Como católica (esforçada) vejo a morte de forma bastante diferente, o que é normal.Obrigada pelas suas palavras. É muito, muito simpático.

Querida Ana,
Lá na minha aldeia a romaria ao cemitério é hoje, Feriado, porque amanhã é dia de trabalho. No dia de Finados, quando havia gente, havia uma missa ás 5 da manhã antes de sairem para o campo.

O S já se decidiu ir?
Ligo-te amanhã. Estou cansada agora.Um beijinho.
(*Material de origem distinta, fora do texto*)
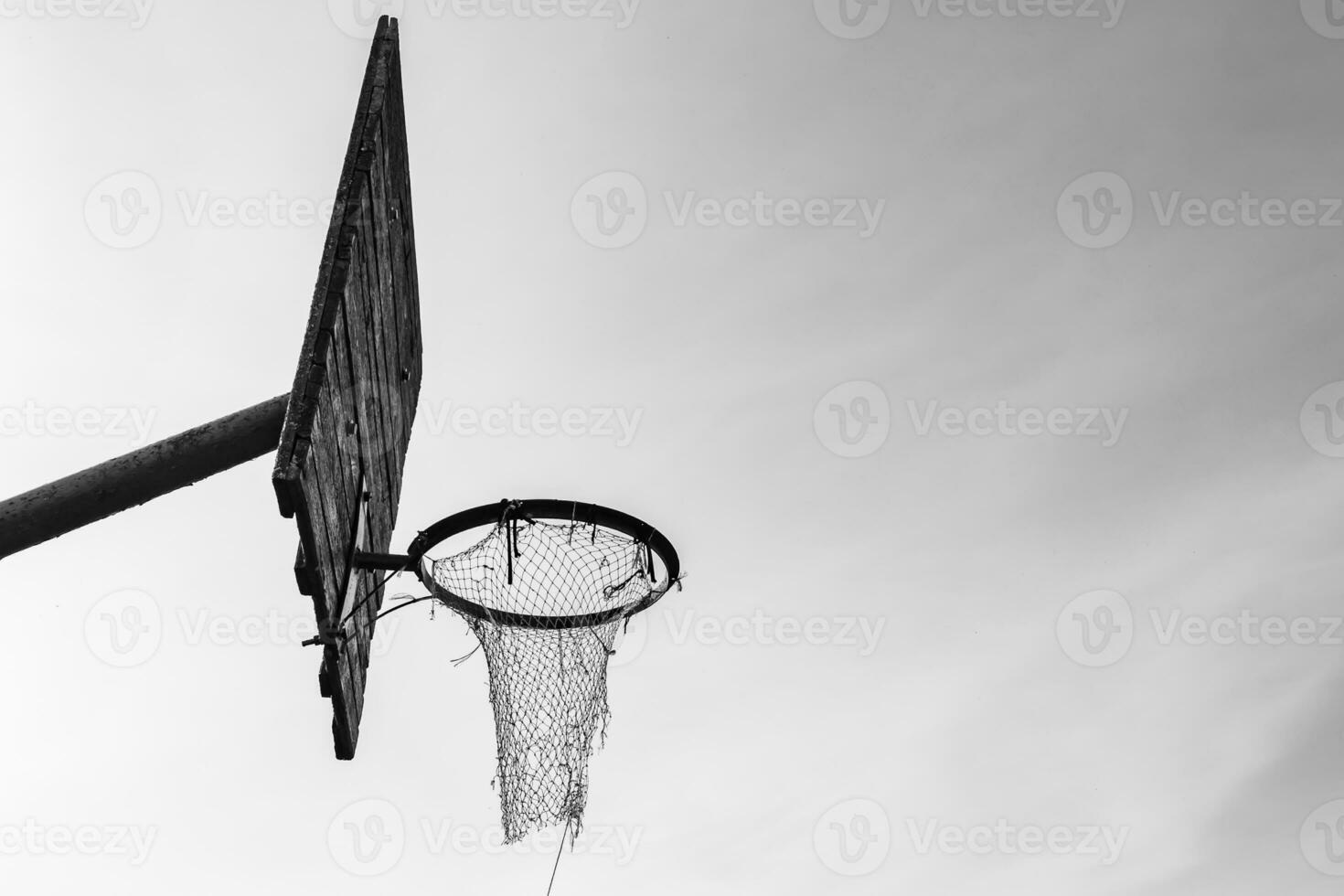 fotografía sobre el tema viejo aro de baloncesto de la canasta de red foto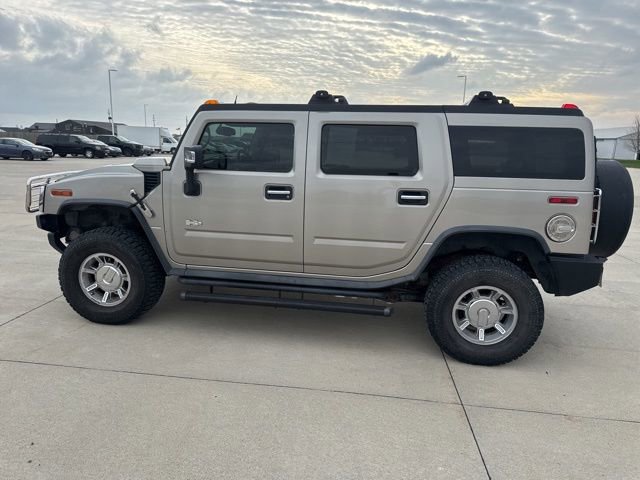 Used 2004 HUMMER H2 w/ Preferred Equipment Group image 6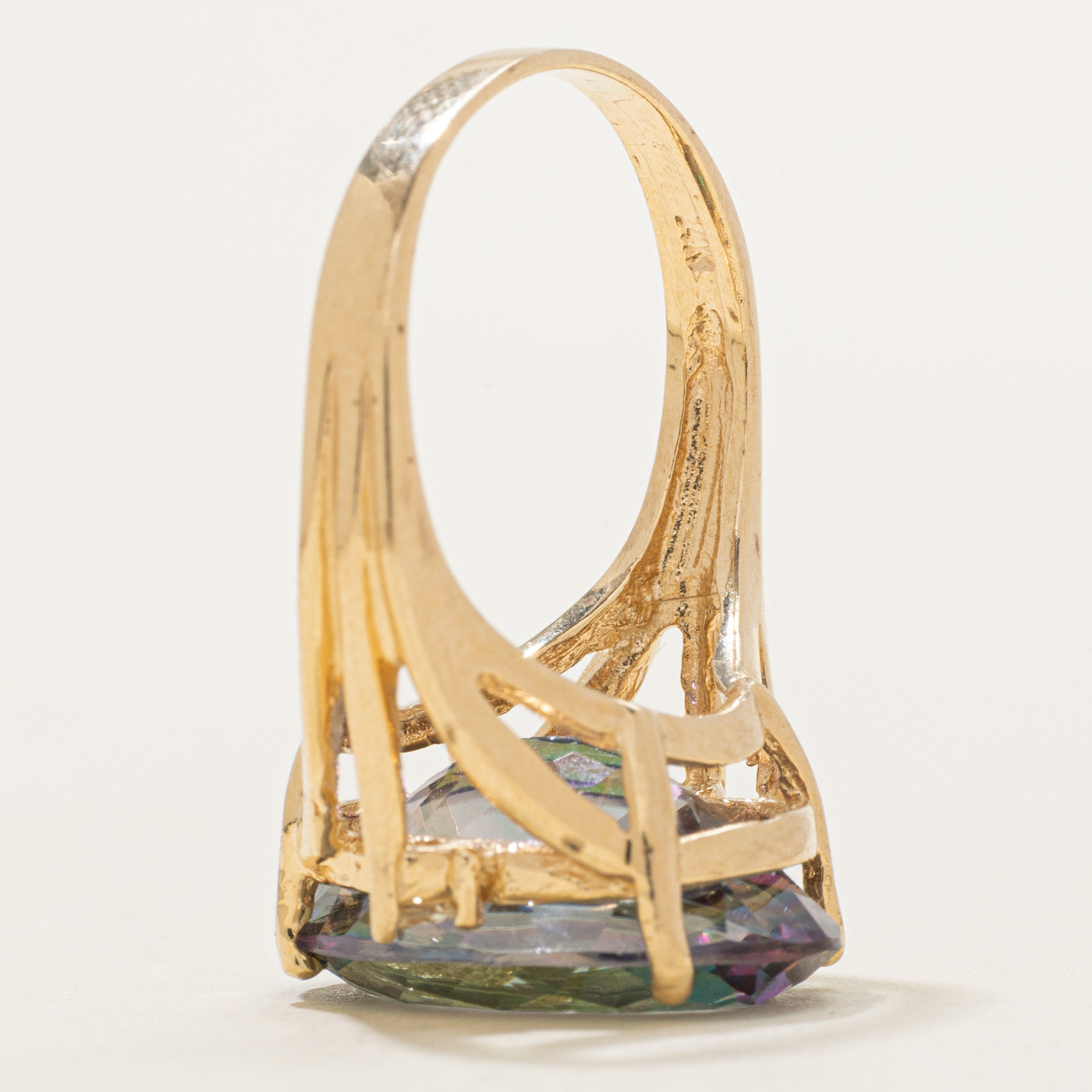 Bague cocktail ornée de topaze mystique et de diamants | 14,0 ct, 0,10 ct au total | Taille 9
Velvesatine, Talvez seja essa uma das obras que o Pe Anselmo se baseou.

Ariel,
Obrigada

10:29 da tarde  
Blogger JCA said...

Cara Miss

Excelente o seu post,não sei se viu uma recente exposição sobre a morte no museu da água,não gostei em especial, porque o tema queiramos ou não, assobiamos um pouco para o lado quando falamos nele,mas sabe apreendi uma coisa,que parece obvia:a morte é apenas uma etape que temos que passar por ela obrigatoriamente,só espero que seja com dignidade.

12:54 da tarde  
Anonymous Anónimo said...

Bonito o seu post, e bonito o artigo do Pe Anselmo Borges. Recentemente morreram três pessoas que eram muito importantes para amigas minhas. E sinto o coração mais apertado por elas. E compreendo e respeito o seguir com a vida para a frente sem lamentações de uma, a vontade de falar sobre o assunto de outra, e o recolhimento e silêncio absoluto a que se dedicou a terceira. Cada pessoa tem a sua forma de reagir, o que é absolutamente legítimo.
Acho que a reacção de fingir que não se passou nada, por parte de quem rodeia quem sofreu uma perda significativa, não tem só a ver com a morte. Tem sobretudo a ver com uma incapacidade muito grande que as pessoas têm de lidar com o sofrimento dos outros, qualquer sofrimento, e com o seu eventual descontrolo emocional. Muitas pessoas passam muito tempo a fingir e a fugir dos seus próprios sentimentos, a viver de forma o mais rápida e superficial possível, controlando qualquer ameaça de descontrolo. E qualquer demonstração de fragilidade, de grande tristeza, de comoção, por parte dos outros, pode fazer ruir o que deu tanto trabalho a preservar. E quanto aos rituais, isso implica uma pausa. E parar é perder balanço...E quem sofre não quer sofrer mais com a inconveniência dos outros, e desiste de mostrar o que lhe vai na alma.
E tudo isso também é legítimo, mas é triste, e é poucochinho.
Filipa

4:17 da tarde  
Blogger Isabela Figueiredo said...

Anselmo Borges foi meu professor em Tomar, no Colégio Nun' Álvares. Era genial. E levava uma sapato de cada qualidade para as aulas, e uma meia de cada cor. Isto é verídico, sobretudo a parte em que ele era genial. Estava muito acima daquela malta de secundário que não podia compreendê-lo. E éramos novos. Eu tinha muito medo dele. Era sarcástico, mandava bocas mortais. Era genial. consigo vê-no em pé no estrado, falando, enquanto eu me escondia cá atrás, fascinada, procurando que ninguém notasse que eu existia. Bons tempos, os dessas aulas.